**Task input**

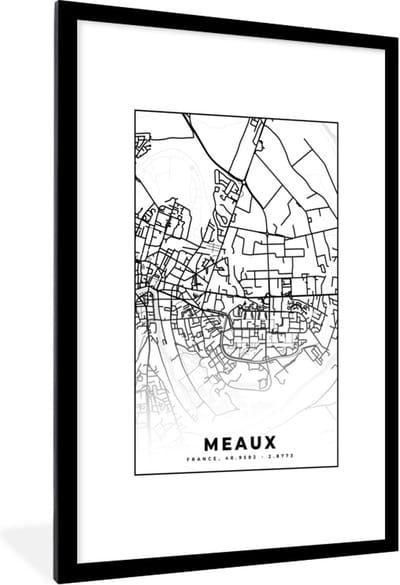 Fotolijst incl. Poster Zwart Wit- Stadskaart - Meaux - Plattegrond - Kaart - Frankrijk - Zwart wit - 80x120 cm - Posterlijst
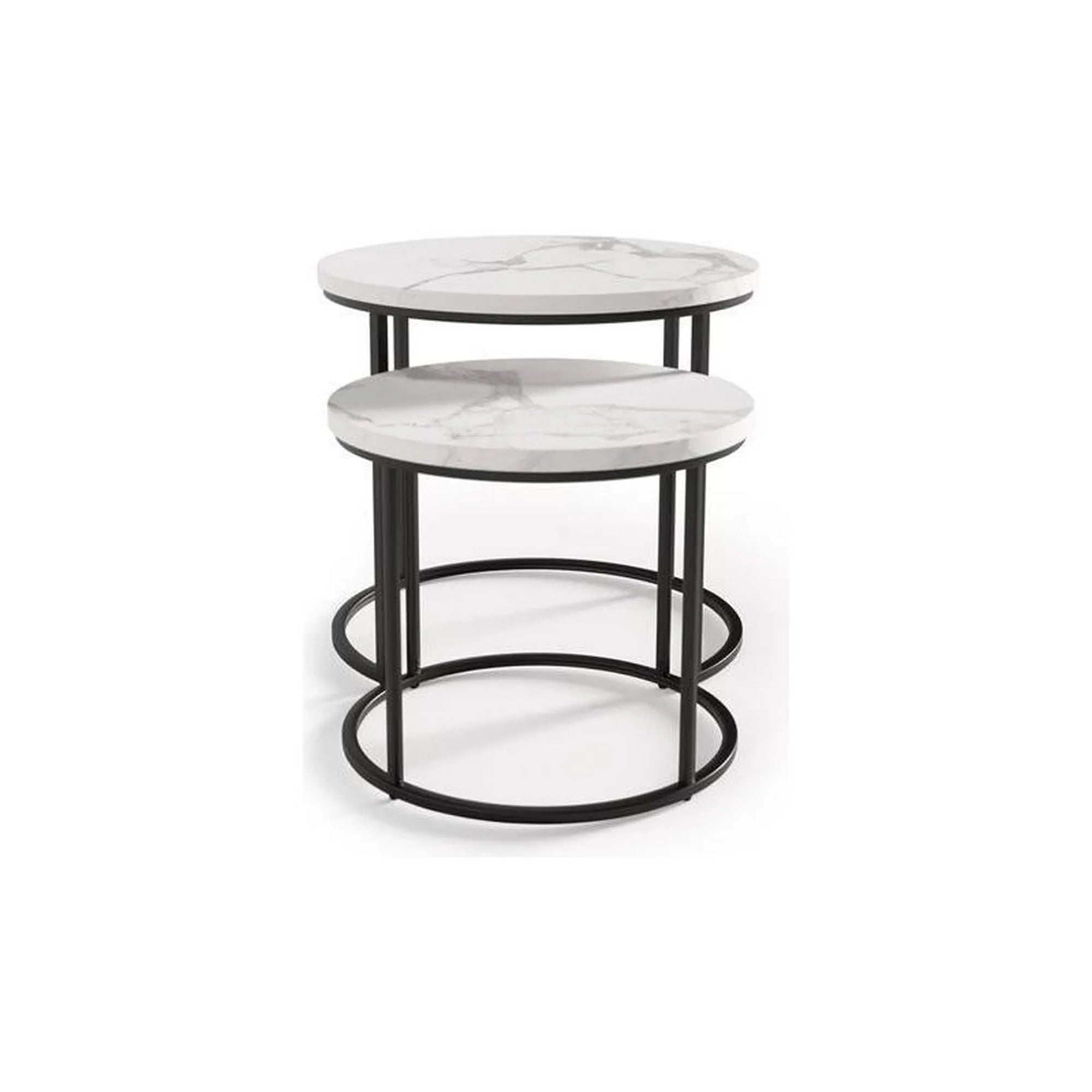 Set 2 masute cafea OREO, alb cu efect de marmura/negru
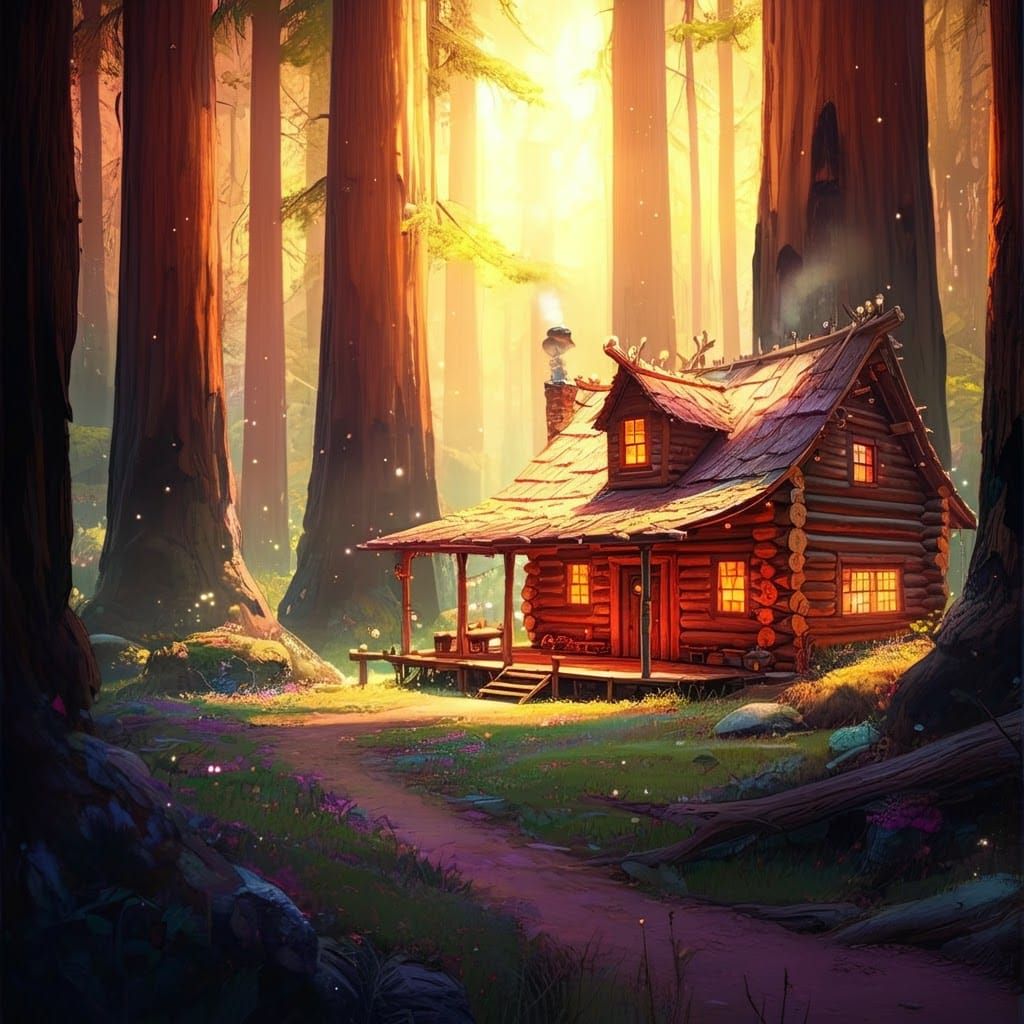 Whimsical Log Cabin in Golden Forest: Dreamy Watercolor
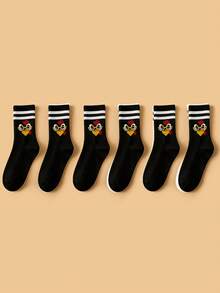 1/3 Pairs Men's Spring/Summer Creative Cartoon Chicken Soft Comfortable Versatile Outdoor Sports Mid-Calf Socks - Multicolor - View 4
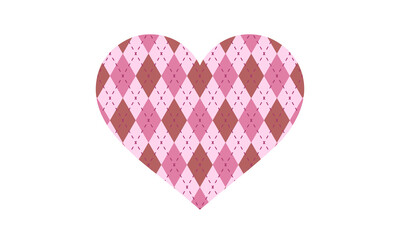 アーガイルチェックハート/ピンク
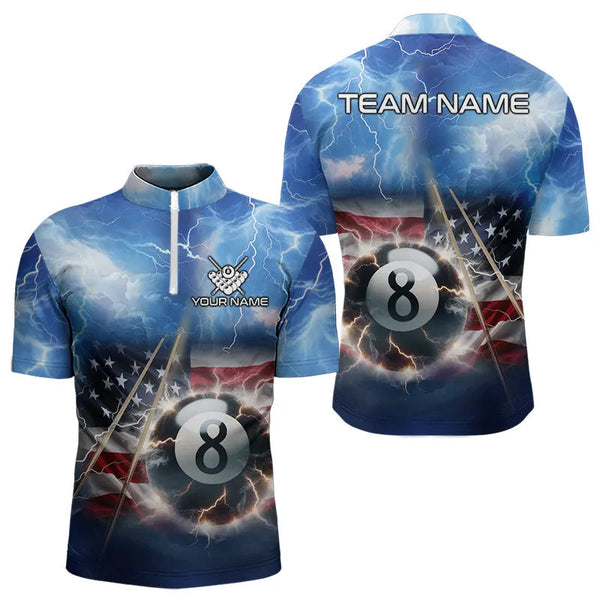 Maxcorners American Flag Thunder Lightning 8 Ball Pool Billiard Shirts For Men Customized Billiard Team Jersey LM133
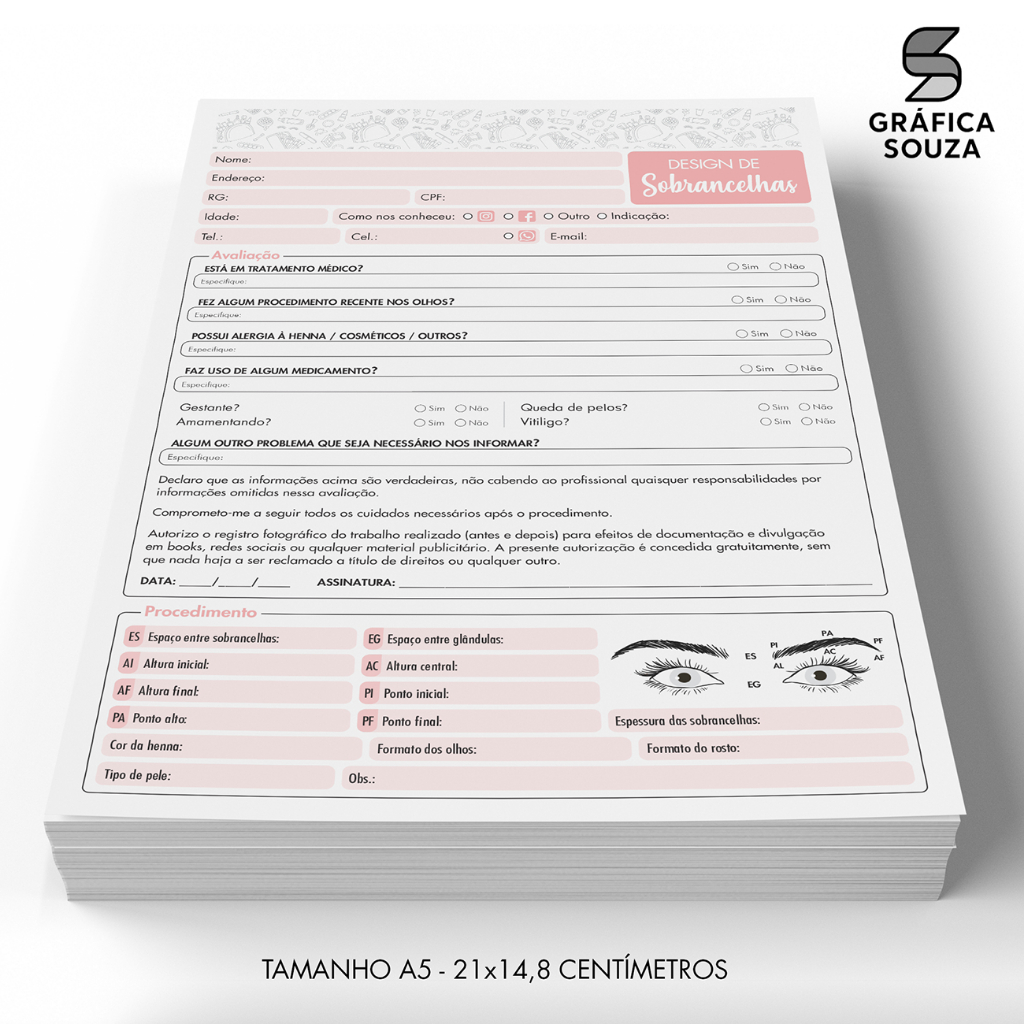 Bloco Ficha De Anamnese para Design Designer de Sobrancelha - Rosê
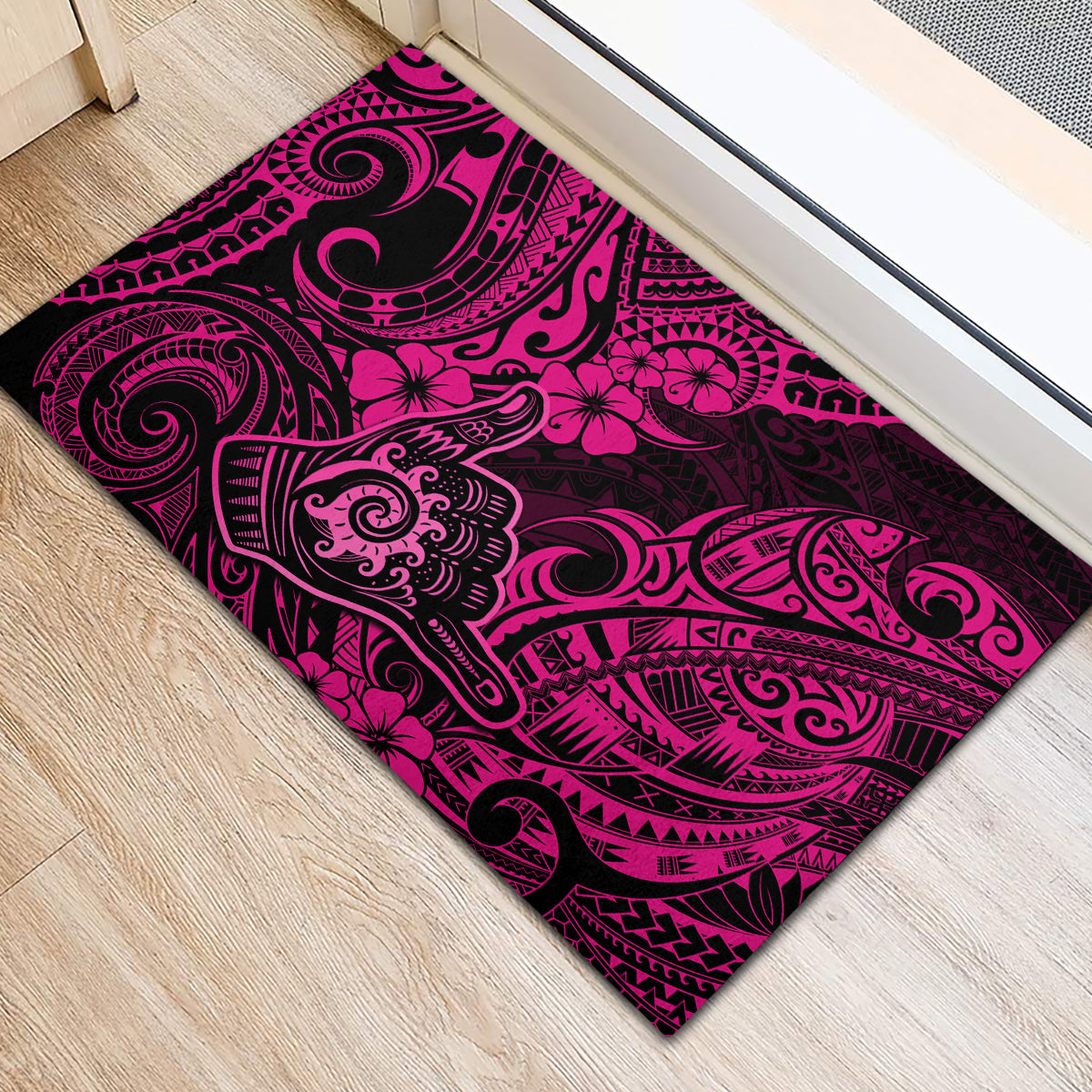 Hawaii Shaka Sign Rubber Doormat With Polynesian Hibiscus Pink Unique LT01 - Polynesian Pride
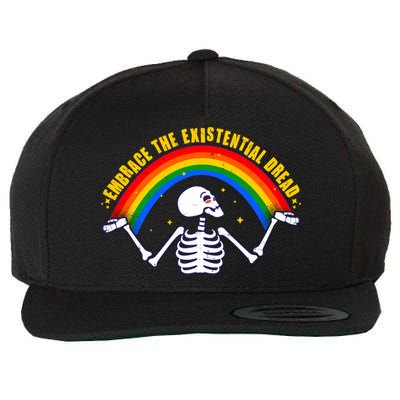 Funny Skeleton Embrace The Existential Dread Wool Snapback Cap
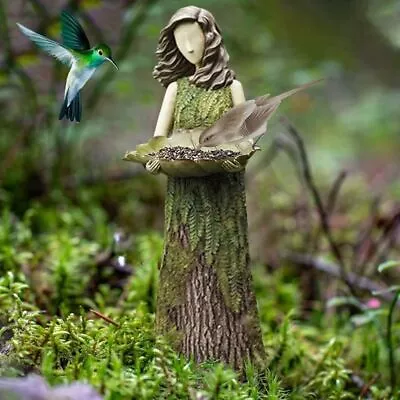 Fairy Tale Forest Girl Bird Feeder Garden Fairy Statue Courtyard Lawn Decor • £8.45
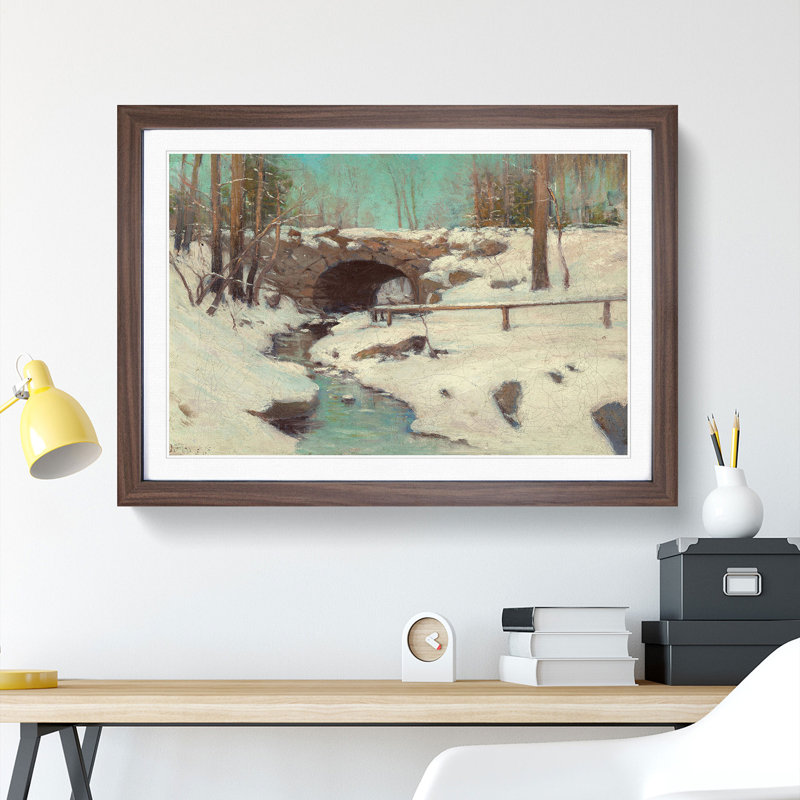 Stone Bridge in Central Park by Julian Onderdonk - Picture Frame Painting, 48cm H x 65cm W x 2cm D, Walnut Framed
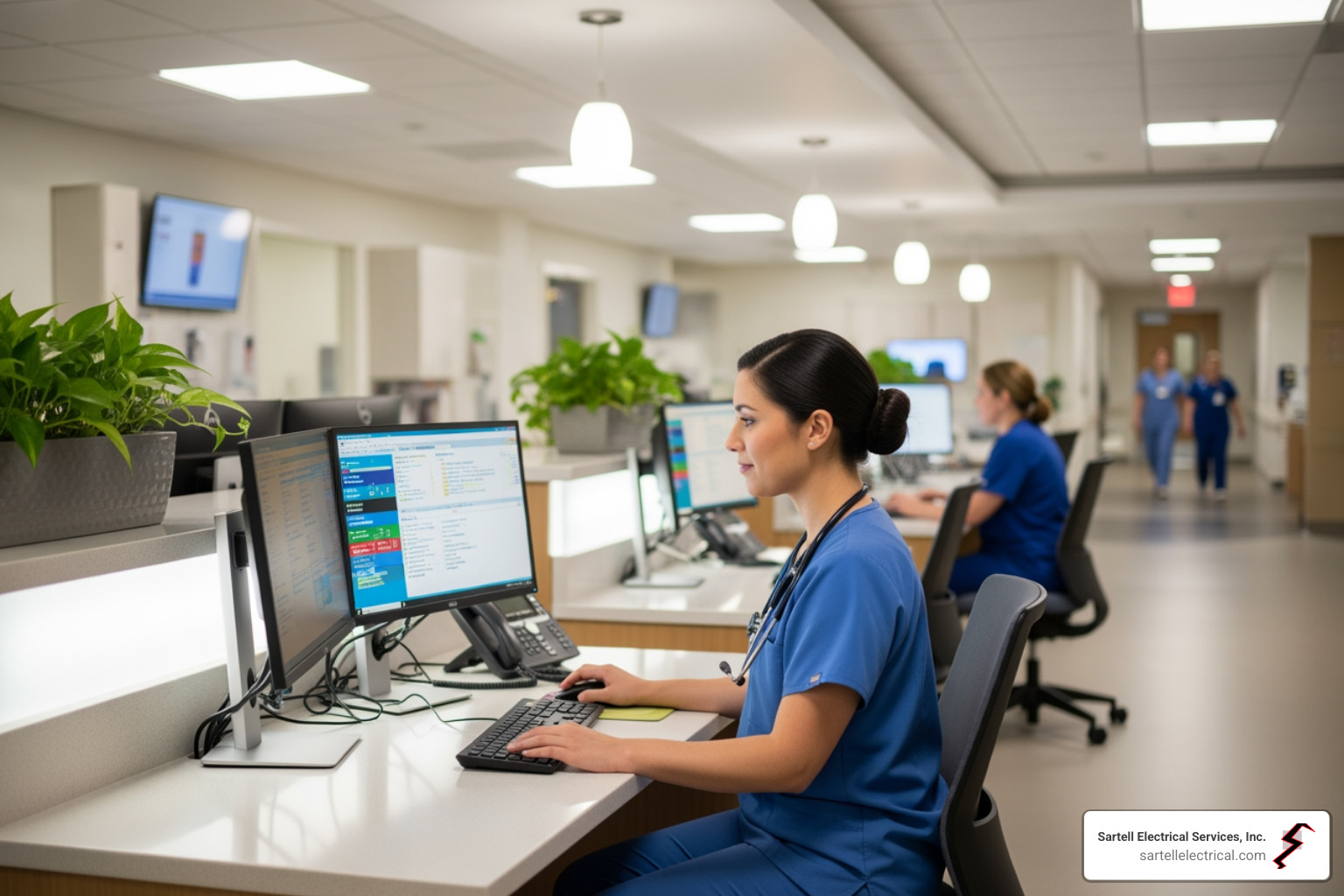 nurse working at a well-lit, glare-free station - Healthcare lighting solutions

**Aim of the task**
A word-for-word copy of the listing is needed. It must not include the pictures.

**Task result**
 Fotolijst incl. Poster Zwart Wit- Stadskaart - Meaux - Plattegrond - Kaart - Frankrijk - Zwart wit - 80x120 cm - Posterlijst
 Set 2 masute cafea OREO, alb cu efect de marmura/negru
 Whimsical Log Cabin in Golden Forest: Dreamy Watercolor
 1/3 Pairs Men's Spring/Summer Creative Cartoon Chicken Soft Comfortable Versatile Outdoor Sports Mid-Calf Socks - Multicolor - View 4
 アーガイルチェックハート/ピンク
 Maxcorners American Flag Thunder Lightning 8 Ball Pool Billiard Shirts For Men Customized Billiard Team Jersey LM133
 Bloco Ficha De Anamnese para Design Designer de Sobrancelha - Rosê
 Hawaii Shaka Sign Rubber Doormat With Polynesian Hibiscus Pink Unique LT01 - Polynesian Pride
 Funny Skeleton Embrace The Existential Dread Wool Snapback Cap
 Fairy Tale Forest Girl Bird Feeder Garden Fairy Statue Courtyard Lawn Decor • £8.45
 Stone Bridge in Central Park by Julian Onderdonk - Picture Frame Painting, 48cm H x 65cm W x 2cm D, Walnut Framed
 nurse working at a well-lit, glare-free station - Healthcare lighting solutions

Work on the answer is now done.